---
title: "Using corrr with databases"
date: "`r Sys.Date()`"
output: rmarkdown::html_vignette
vignette: >
  %\VignetteIndexEntry{Using corrr with databases}
  %\VignetteEngine{knitr::rmarkdown}
  %\VignetteEncoding{UTF-8}
---

```{r setup, include = FALSE}
library(dplyr)
library(dbplyr)
library(corrr)
knitr::opts_chunk$set(collapse = TRUE, comment = "#>")
```

To calculate correlations with data inside databases, it is very common to import the data into R and then run the analysis.  This is not a desirable path, because of the overhead created by copying the data into memory.  

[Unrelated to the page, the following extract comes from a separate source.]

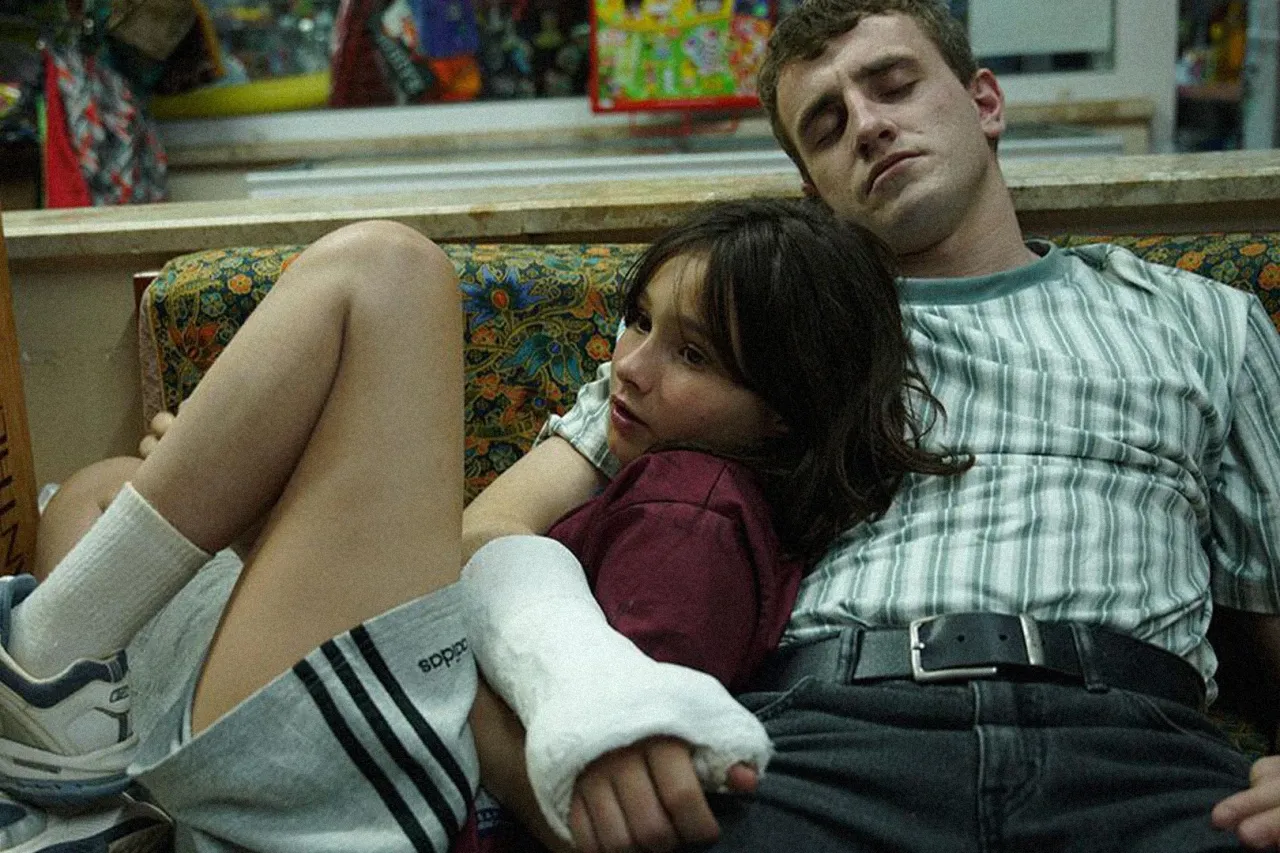 «Күннен кейін» (Aftersun)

Taking advantage of the latest features offered by `dbplyr` and `rlang`, it is now possible to run the correlation calculation **inside the database**, thus avoiding importing the data.

## An example

A simple SQLite database will be used to this example.  A temporary database is created, and the `mtcars` data set is copied to it.  The `db_mtcars` variable is only a pointer to the new table inside the database, it does not hold any data. 

```{r}
con <- DBI::dbConnect(RSQLite::SQLite(), path = ":dbname:")
db_mtcars <- copy_to(con, mtcars)
```

Even though it is not a formal `data.frame` object, `db_mtcars` can be use as if it was a `data.frame` and simply pipe it into the `correlate()` function.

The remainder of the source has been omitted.